The Adventures of Tom Sawyer is a great book to read for anyone who loves classic stories. It is about a naughty boy named Tom doing a lot of mischievous tricks and risky adventures. He has a brother named Sid and a sister named Mary. Aunt Polly, who takes care of Tom, loves him even though he is a firebrand. Huckberry Finn, whose nickname is Huck, is Tom’s best friend as well as the partner in all of his adventures. One of Tom’s crazy adventures is when he and his friend were in a graveyard trying to revive a dead person with a dead cat at midnight.
Before they begin their process they see three men, Muff Potter, Dr. Robinson, and Injun Joe in the same graveyard. They quickly hide behind the bushes because they do not want to be seen by the three men. Instead, they witnessed Injun Joe murder Dr. Robinson for revenge, and then Injun Joe accuses Muff Potter for the crime. So scared, Tom and Huck run to a shed and complete a blood oath that they will never talk about the crime scene to anyone or they will die and rot.
Besides going on adventures, Tom also likes to tricks the children to do his white washing (putting new coat of paint on his aunt’s fence) and trade his trinkets for the tickets that can be used to trade in for the Bible to impress the new girl, Becky Thatcher– when a student receives a Bible, it shows others that they had been a good student. I think teenagers today are going to like The Adventures of Tom Sawyer. Even though this book is a classic, there are still some naughty teenagers and they might want to read about how kids were in the 1800s Tom also demonstrates a heroic side.

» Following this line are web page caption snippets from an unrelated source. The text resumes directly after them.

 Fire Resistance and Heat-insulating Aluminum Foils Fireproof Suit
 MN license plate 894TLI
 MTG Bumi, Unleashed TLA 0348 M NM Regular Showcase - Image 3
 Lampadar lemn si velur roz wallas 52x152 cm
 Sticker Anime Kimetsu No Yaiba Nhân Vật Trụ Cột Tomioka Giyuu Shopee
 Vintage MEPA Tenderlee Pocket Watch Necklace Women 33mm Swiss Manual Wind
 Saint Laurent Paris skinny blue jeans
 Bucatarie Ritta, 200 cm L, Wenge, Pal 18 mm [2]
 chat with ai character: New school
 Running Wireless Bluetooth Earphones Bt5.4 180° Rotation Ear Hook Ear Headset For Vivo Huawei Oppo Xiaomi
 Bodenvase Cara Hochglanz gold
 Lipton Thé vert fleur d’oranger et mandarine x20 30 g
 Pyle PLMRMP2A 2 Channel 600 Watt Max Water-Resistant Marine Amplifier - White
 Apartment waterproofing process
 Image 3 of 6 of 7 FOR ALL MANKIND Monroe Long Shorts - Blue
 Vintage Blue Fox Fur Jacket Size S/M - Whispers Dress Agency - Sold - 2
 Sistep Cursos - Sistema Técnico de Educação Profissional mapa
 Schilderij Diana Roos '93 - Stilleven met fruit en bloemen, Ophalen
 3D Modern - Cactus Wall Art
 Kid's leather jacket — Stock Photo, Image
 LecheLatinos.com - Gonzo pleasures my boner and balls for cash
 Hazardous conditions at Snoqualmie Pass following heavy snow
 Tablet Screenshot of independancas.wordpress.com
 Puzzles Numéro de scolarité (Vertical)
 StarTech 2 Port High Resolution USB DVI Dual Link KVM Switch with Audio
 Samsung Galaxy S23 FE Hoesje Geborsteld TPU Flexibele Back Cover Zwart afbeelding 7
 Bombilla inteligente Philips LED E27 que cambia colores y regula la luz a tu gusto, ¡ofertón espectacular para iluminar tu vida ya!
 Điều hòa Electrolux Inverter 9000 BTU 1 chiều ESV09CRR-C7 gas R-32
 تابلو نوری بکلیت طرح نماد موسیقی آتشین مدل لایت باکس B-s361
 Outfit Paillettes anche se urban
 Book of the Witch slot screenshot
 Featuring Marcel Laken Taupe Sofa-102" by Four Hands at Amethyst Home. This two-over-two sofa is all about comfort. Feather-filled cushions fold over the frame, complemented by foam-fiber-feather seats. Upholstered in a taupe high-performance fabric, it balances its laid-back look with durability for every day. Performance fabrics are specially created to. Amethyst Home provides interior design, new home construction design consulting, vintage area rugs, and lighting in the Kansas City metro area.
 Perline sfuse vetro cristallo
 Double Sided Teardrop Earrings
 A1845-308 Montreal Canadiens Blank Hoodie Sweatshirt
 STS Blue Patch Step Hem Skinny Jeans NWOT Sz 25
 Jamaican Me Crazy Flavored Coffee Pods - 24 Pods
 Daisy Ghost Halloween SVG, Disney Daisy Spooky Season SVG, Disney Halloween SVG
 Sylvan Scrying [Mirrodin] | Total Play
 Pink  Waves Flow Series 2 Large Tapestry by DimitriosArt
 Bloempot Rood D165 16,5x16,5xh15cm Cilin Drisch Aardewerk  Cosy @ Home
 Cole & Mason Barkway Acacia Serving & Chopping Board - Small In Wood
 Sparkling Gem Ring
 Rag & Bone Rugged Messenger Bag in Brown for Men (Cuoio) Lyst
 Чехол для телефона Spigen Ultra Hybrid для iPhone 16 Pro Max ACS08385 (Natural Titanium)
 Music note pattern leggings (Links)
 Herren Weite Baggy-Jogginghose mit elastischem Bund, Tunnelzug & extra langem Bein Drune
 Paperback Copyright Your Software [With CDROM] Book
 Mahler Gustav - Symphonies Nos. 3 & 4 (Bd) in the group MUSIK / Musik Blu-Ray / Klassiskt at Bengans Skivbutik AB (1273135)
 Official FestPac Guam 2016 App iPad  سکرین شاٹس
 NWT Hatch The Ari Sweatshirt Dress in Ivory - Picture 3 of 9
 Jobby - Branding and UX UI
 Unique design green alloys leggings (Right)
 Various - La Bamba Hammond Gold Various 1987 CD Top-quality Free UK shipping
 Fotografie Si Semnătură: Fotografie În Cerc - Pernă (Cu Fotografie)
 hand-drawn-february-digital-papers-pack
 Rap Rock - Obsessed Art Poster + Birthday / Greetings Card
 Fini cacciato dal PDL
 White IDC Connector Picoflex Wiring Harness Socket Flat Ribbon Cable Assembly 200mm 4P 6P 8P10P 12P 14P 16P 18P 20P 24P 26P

After witnessing a murder, Tom decides to testify in court. In so doing, he rescues the poor drunk who has been wrongfully accused. He later saves the Widow Douglas from attack, and finds Injun Joe’s buried treasure–thereby becoming wealthy and famous. Tom get himself into trouble on numerous occasions. It’s true! But, he also demonstrates a certain degree of honesty and goodness.
In a more tragic slant to his prankster personality, Tom’s bought with being lovesick and brokenhearted leads him to another “brilliant scheme. He decides to run away to become a pirate, and he recruits two of his friends: Joe, a friend from school, and Huck, the homeless son of the town drunk. They steal a raft and run away together. They camp out on an island in the middle of the river for several days, playing a game of pirates. But their absence leads the townspeople to fear that the boys had drowned in the river. By that time homesickness had begun to set in, and the boys decide to return home. The subsequent scene–where Tom, Joe, and Huck arrive at the church for their own funerals–is classic (and unforgettable.